We had a disappointing trip to a cat café, where we were informed on arrival that the children had to be 11 in order to come in. What? What is the point of a cat café if you can’t take small children? Who else is going there? There are also penguin cafes and owl cafes. How old do you have to be for those, 25?

We did karaoke in the afternoon in a pink padded booth and discovered that a three year old’s repertoire is rather limited. We walked in the shade of the glorious bamboo forest at Arashiyama and stood in a cage feeding monkeys who were free to run about the mountain. We cycled round Kyoto with the babes on our bikes and I confess I am not a natural cyclist. I have no sense of balance or of what I can fit between. The bikes were electric and I still couldn’t do it. I managed to crash causing both me and the baby to fall off in a ridiculous heap of ineptitude in the middle of the road. I did plenty of helpful screaming and imagined spending the night in Japanese A&E. I was informed by our friend, behind, that if I had laid the baby down in a meadow of clover his landing could not have been softer. Still, we didn’t get bikes again.

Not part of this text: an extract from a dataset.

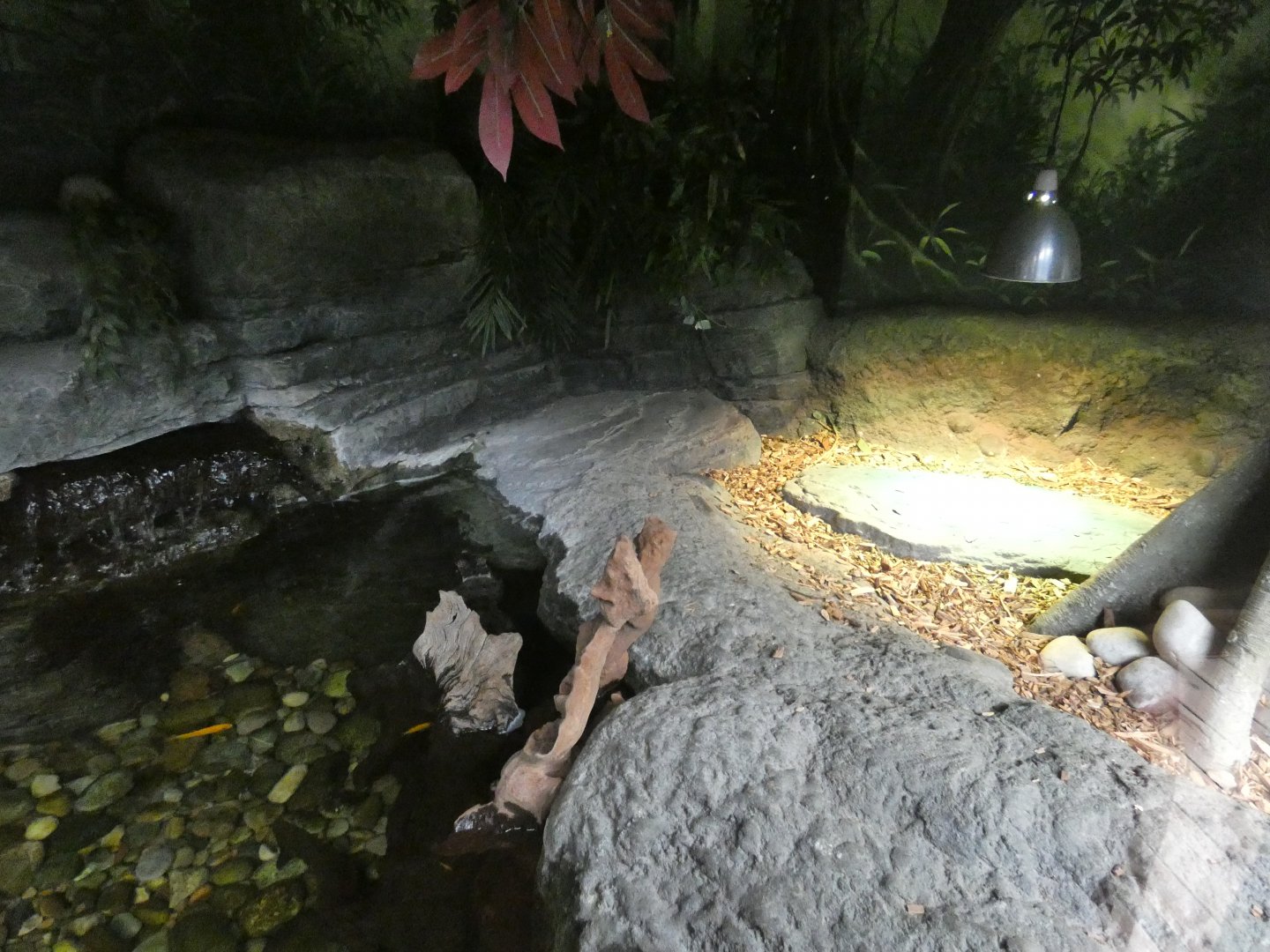 Dwarf crocodile enclosure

In Hiroshima we found a city so full of peace and quiet remembrance you could not fail to be moved. It is a thriving place, a bustling, modern city full of young people. But the Atomic Dome stands, just as it did that awful day, 72 years ago, a reminder of all that was lost. In the museum we wept over the testimonies of survivors, of parents who had lost their children. One woman could identify her son only by the lunchbox he was still clutching, its contents charred and blackened; another recognised her daughter by the kimono silk she had sewn onto the girl’s sandals, somehow miraculously preserved. And still now, all over the city, people fold paper cranes, in tribute to the little girl who survived the bomb but developed leukaemia years later. She believed that if she folded 1000 paper cranes, she would be granted her wish: a world without nuclear weapons. She was 12 when she died. We came outside into the afternoon sun of the Peace Park and kissed our babies. The peace that graces the city seems borne of a resolve to forgive, but never ever to forget; of an unequivocal belief that such atrocities must never happen again. But now more than ever, 62 years after that little girl’s death, her wish still seems so horribly far from being realised.

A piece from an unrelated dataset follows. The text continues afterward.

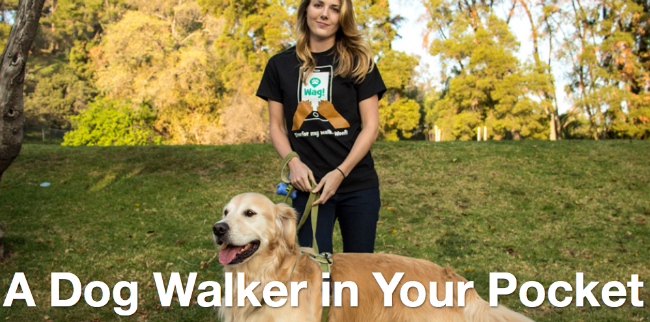 wag-dog-walking-service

One day we will go back, and see all the things on Daddy Ug’s list which we failed to see this time. But we will remember this as a holiday full of friends and kids and fun. And wine. I asked Eve what her favourite bit was of going to Japan and she replied, without blinking, “Watching Sofia the First on the plane.” Raaaahhhhhhhh! For her the makings of a good holiday seem to involve escalators, ramps, DVDs and sandwiches. We might as well have taken her to Asda.